### Exercise directions
Give back the whole listing word for word and skip each picture.

******

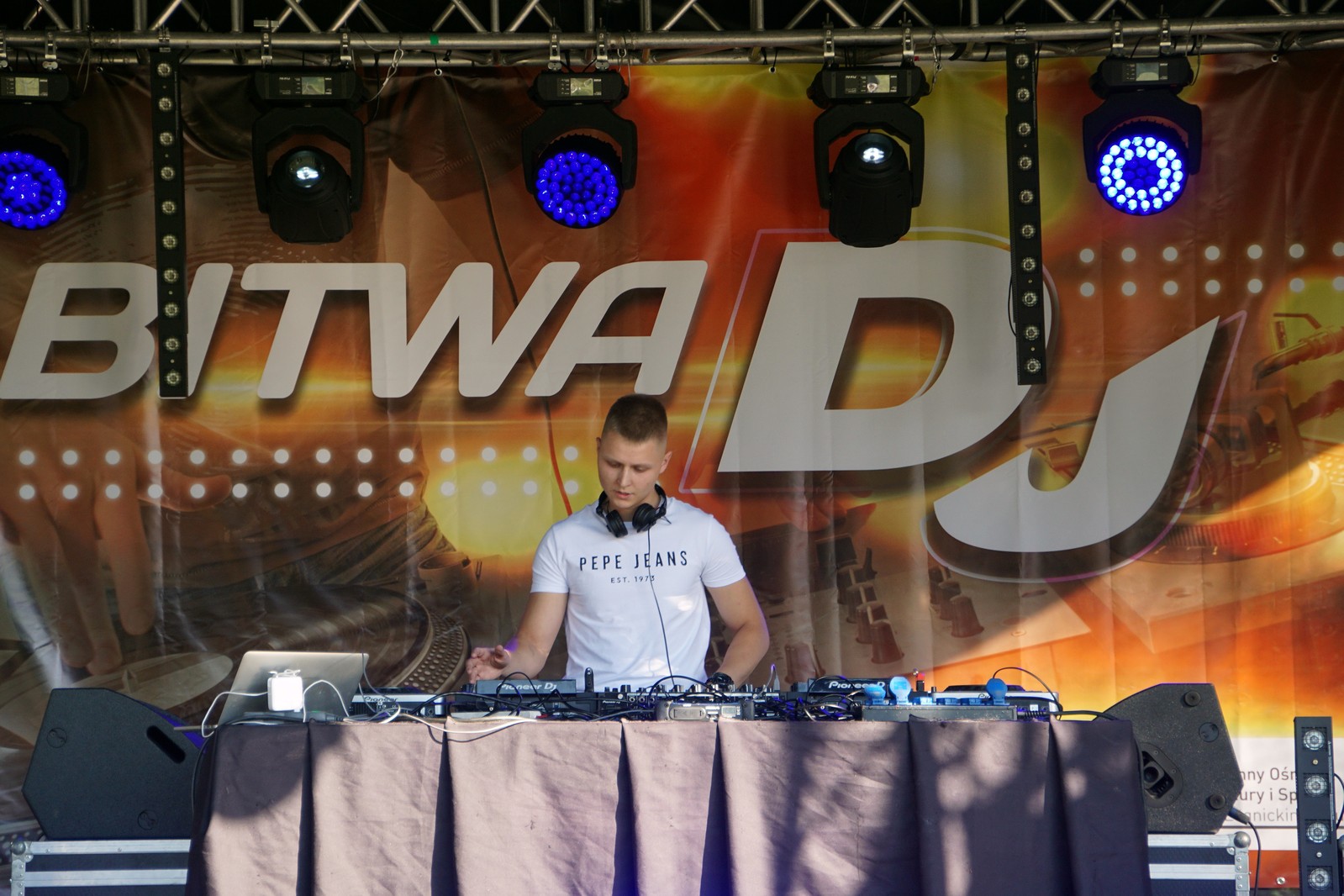 Pierwszy w historii pojedynek DJ w Legnickim Polu
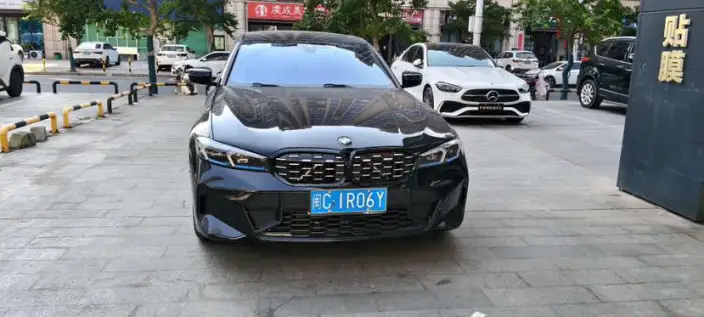 BMW 3 Series 2023 Model 325Li M Sports Set – фото 2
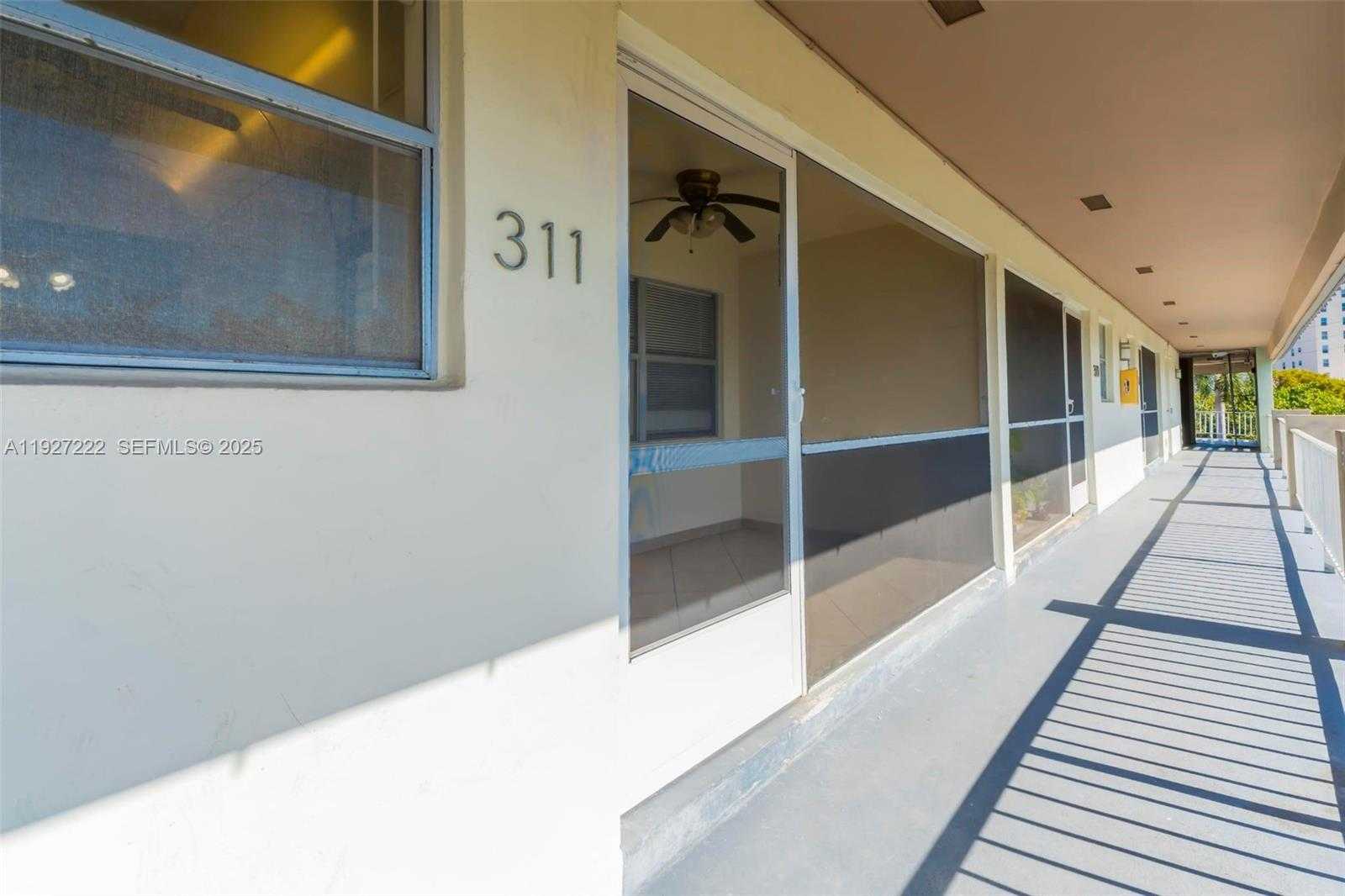 Small Image of 300 LAYNE BLVD #311, Hallandale Beach Number 39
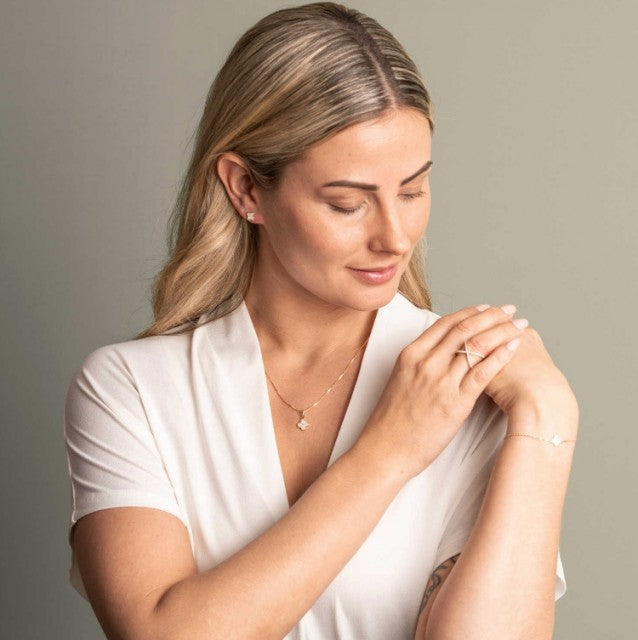 Kløver øredobber i sølv med zirkonia, Hvit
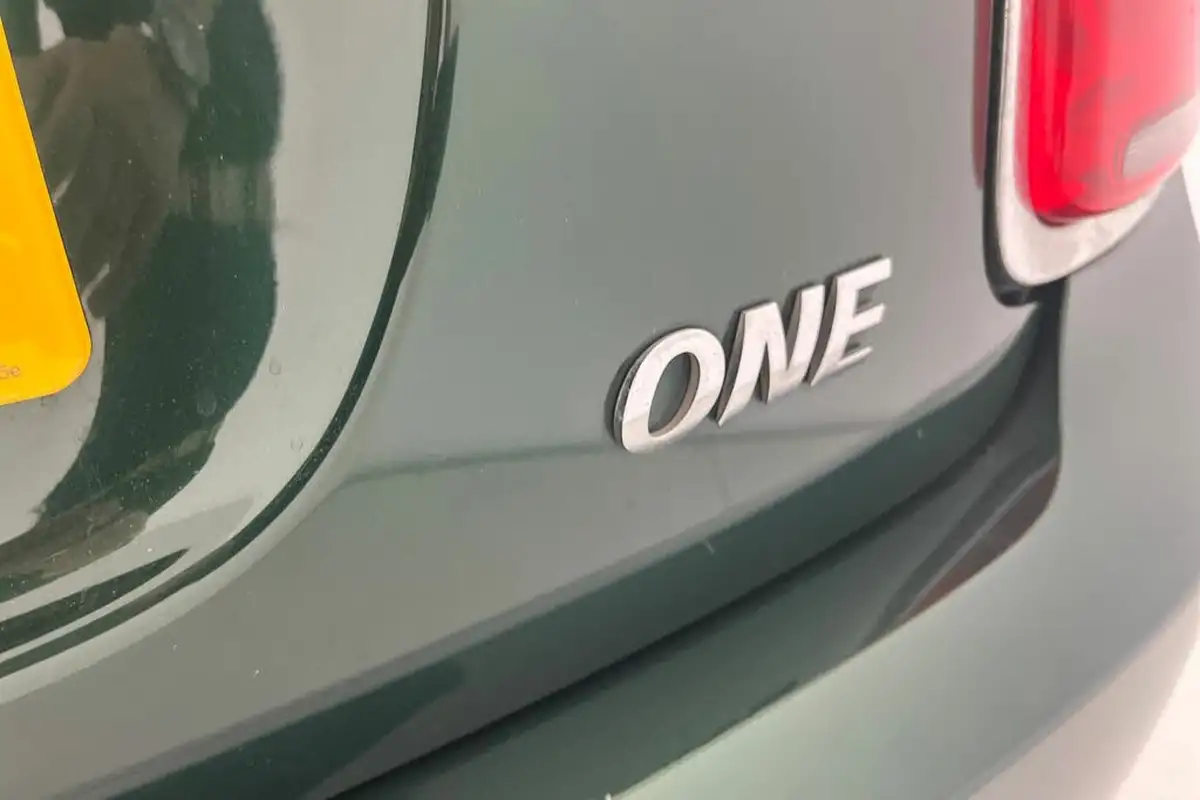 2014-mini-cooper-12-one-pepper-ss-3d-big-34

******

### Answer area
 Pierwszy w historii pojedynek DJ w Legnickim Polu
 BMW 3 Series 2023 Model 325Li M Sports Set – фото 2
 Small Image of 300 LAYNE BLVD #311, Hallandale Beach Number 39
 Kløver øredobber i sølv med zirkonia, Hvit
 2014-mini-cooper-12-one-pepper-ss-3d-big-34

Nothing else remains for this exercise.